**TASK TO CARRY OUT**. Each line of the data must be given back verbatim, with pictures removed.

**RECORD EXCERPTS**.

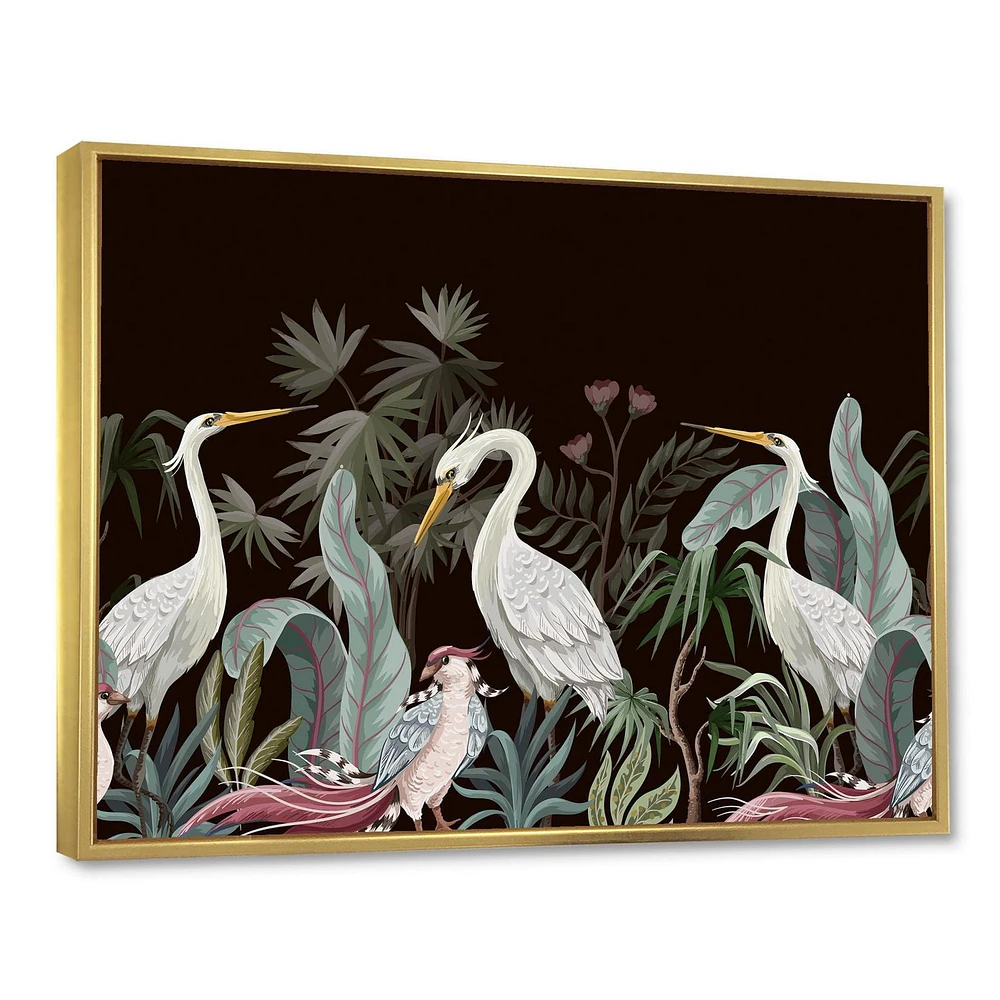 Designart Chinoiserie With Birds and Peonies III FLOAT FRAME WALL ART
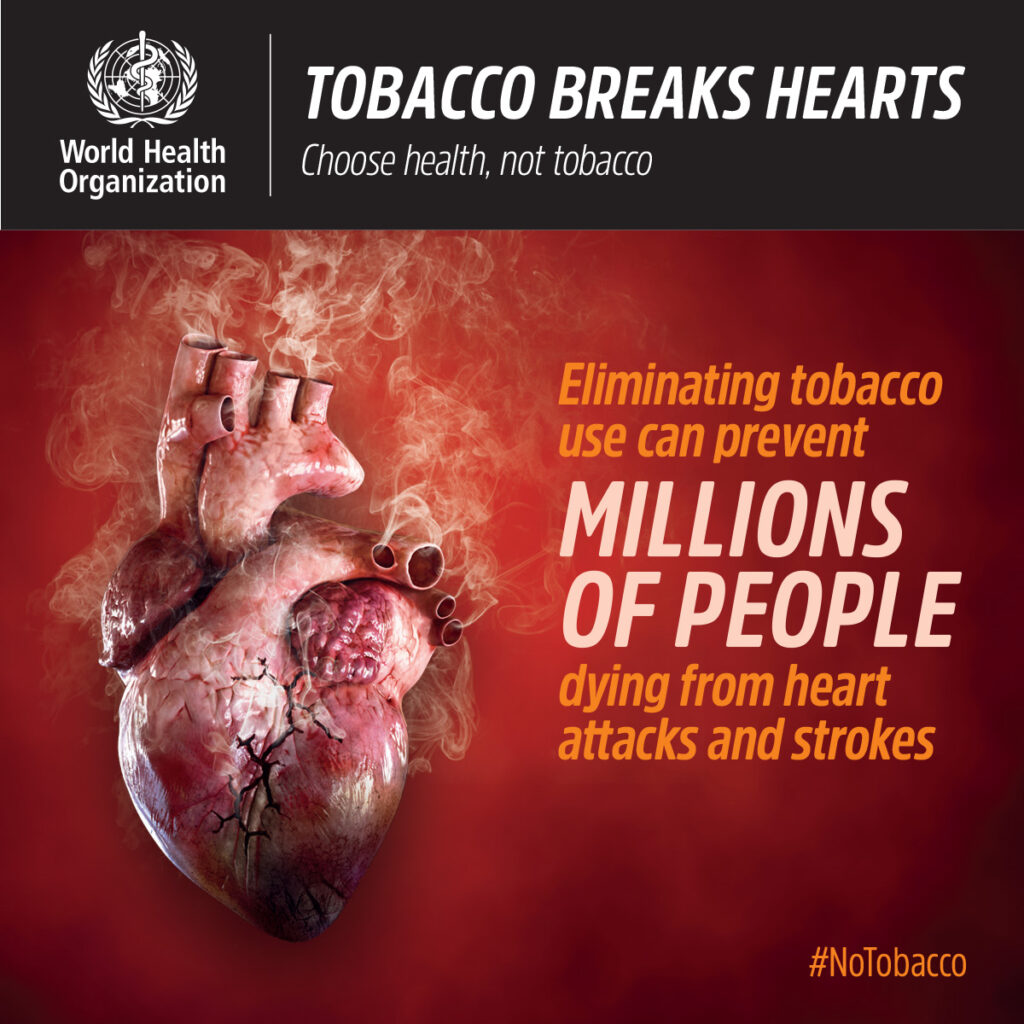 Tobacco Breaks Hearts Graphic – millions of people dying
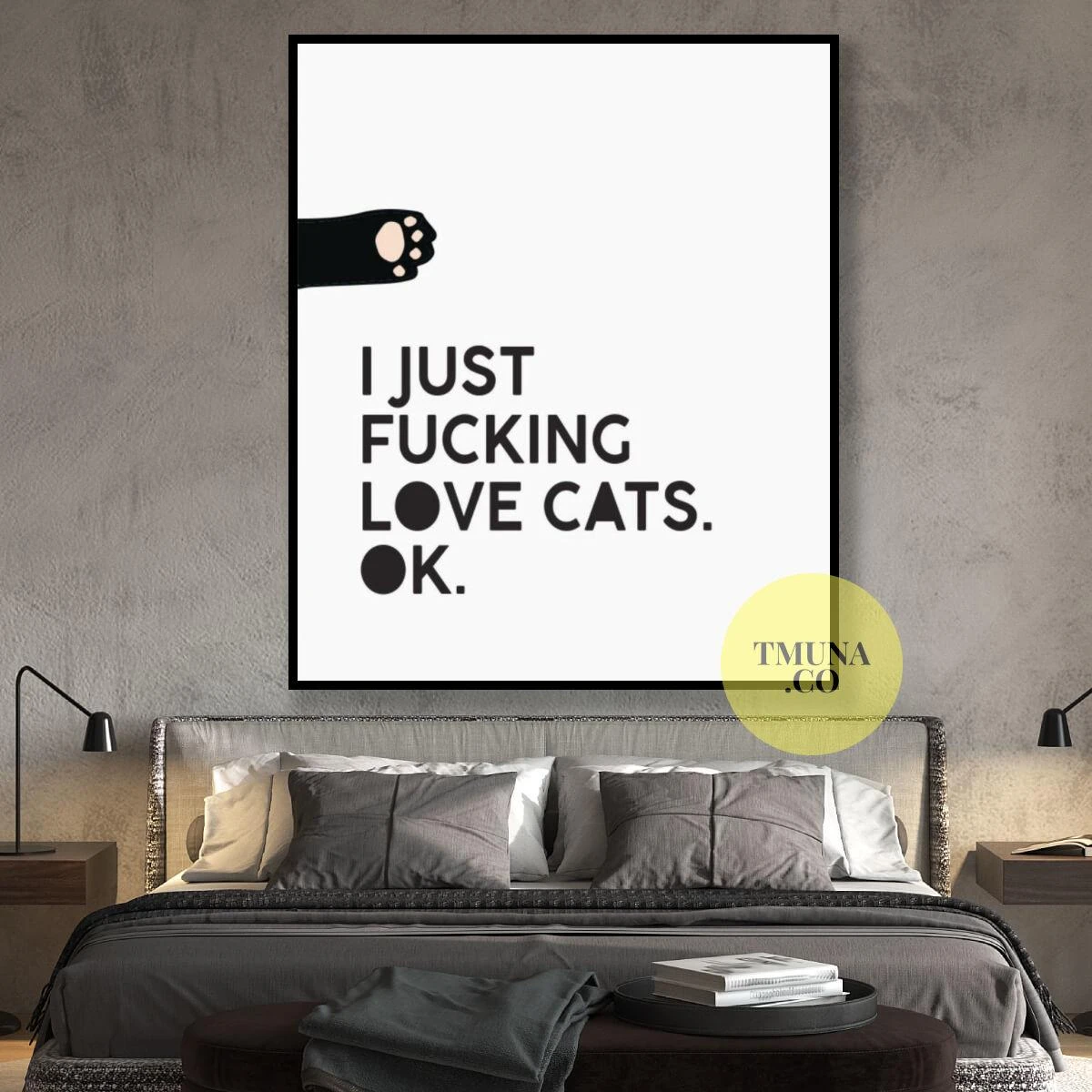 תמונות של חתולים - תמונה עם משפט בסגנון מינימליסטי לחדר שינה או לכניסה לבית דגם 3728625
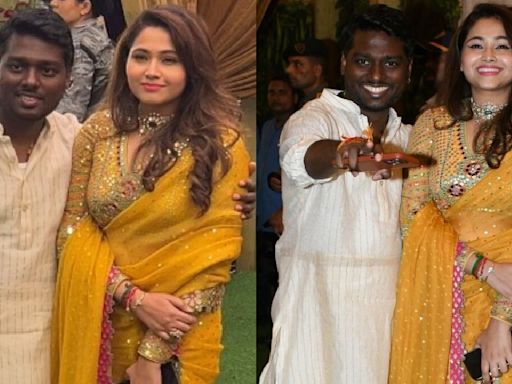 PHOTOS: Atlee sports kurta-mundu look and wife Priya looks stunning in yellow saree at Anant Ambani-Radhika’s pre-wedding event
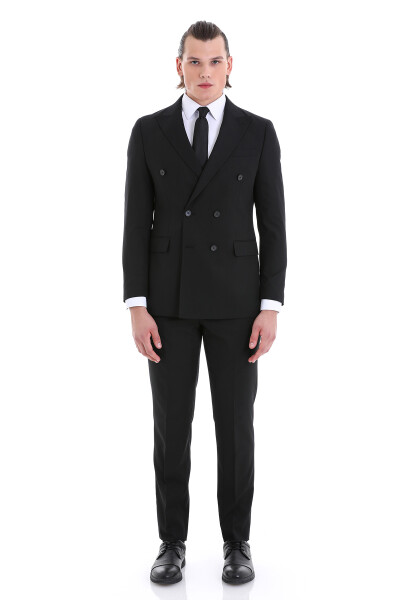 Siyah Slim Fit Kruvaze Klasik Takım Elbise - 1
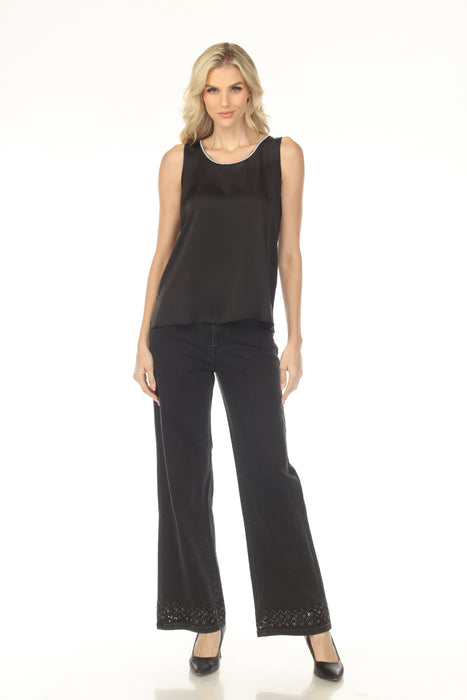 Joseph Ribkoff Black Rhinestone Trim Scoop Neck Satin Top 253744
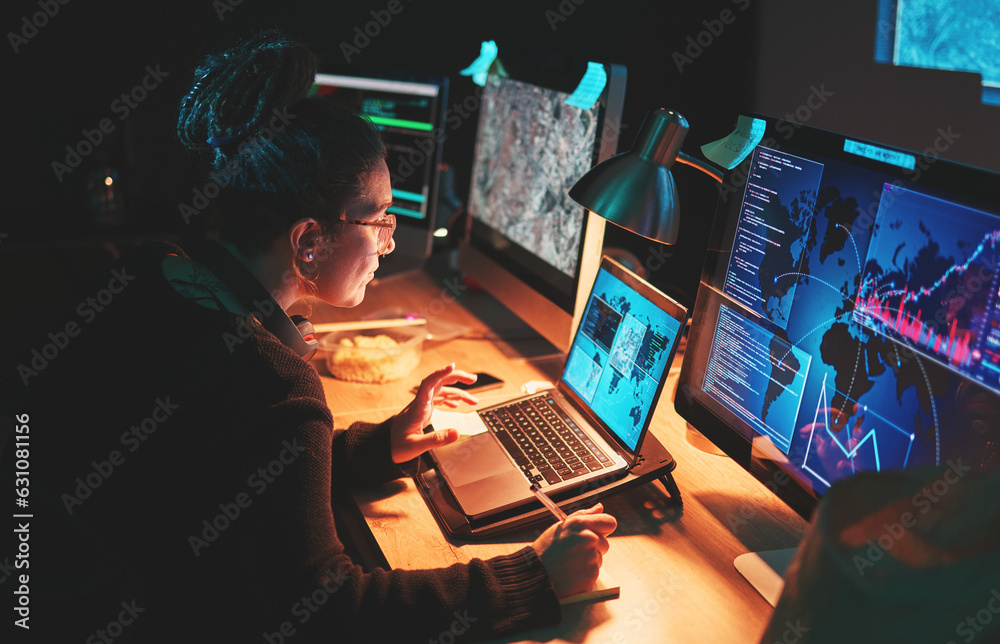 Aufkleber Cybersecurity, woman and computer with global info with map graphic for phishing and hacker data. Cyber crime, employee and technology for firewall hacking and ransomware coding for system algorithm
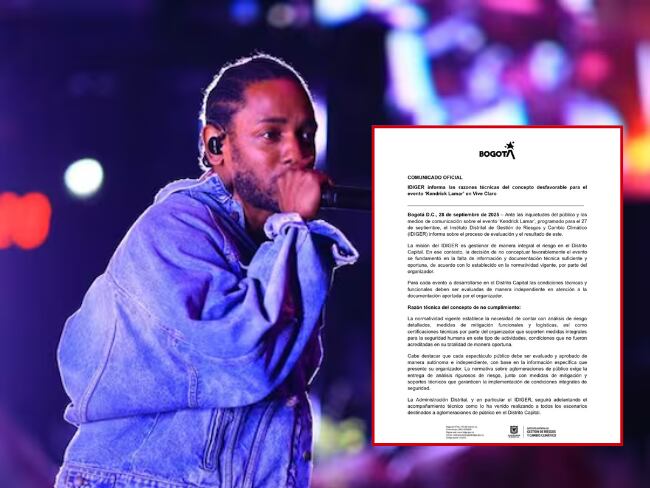 IDIGER revela las razones de la cancelación del concierto de Kendrick Lamar en Bogotá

**WRITTEN ANSWER**.
 Designart Chinoiserie With Birds and Peonies III FLOAT FRAME WALL ART
 Tobacco Breaks Hearts Graphic – millions of people dying
 תמונות של חתולים - תמונה עם משפט בסגנון מינימליסטי לחדר שינה או לכניסה לבית דגם 3728625
 PHOTOS: Atlee sports kurta-mundu look and wife Priya looks stunning in yellow saree at Anant Ambani-Radhika’s pre-wedding event
 Siyah Slim Fit Kruvaze Klasik Takım Elbise - 1
 Joseph Ribkoff Black Rhinestone Trim Scoop Neck Satin Top 253744
 Aufkleber Cybersecurity, woman and computer with global info with map graphic for phishing and hacker data. Cyber crime, employee and technology for firewall hacking and ransomware coding for system algorithm
 IDIGER revela las razones de la cancelación del concierto de Kendrick Lamar en Bogotá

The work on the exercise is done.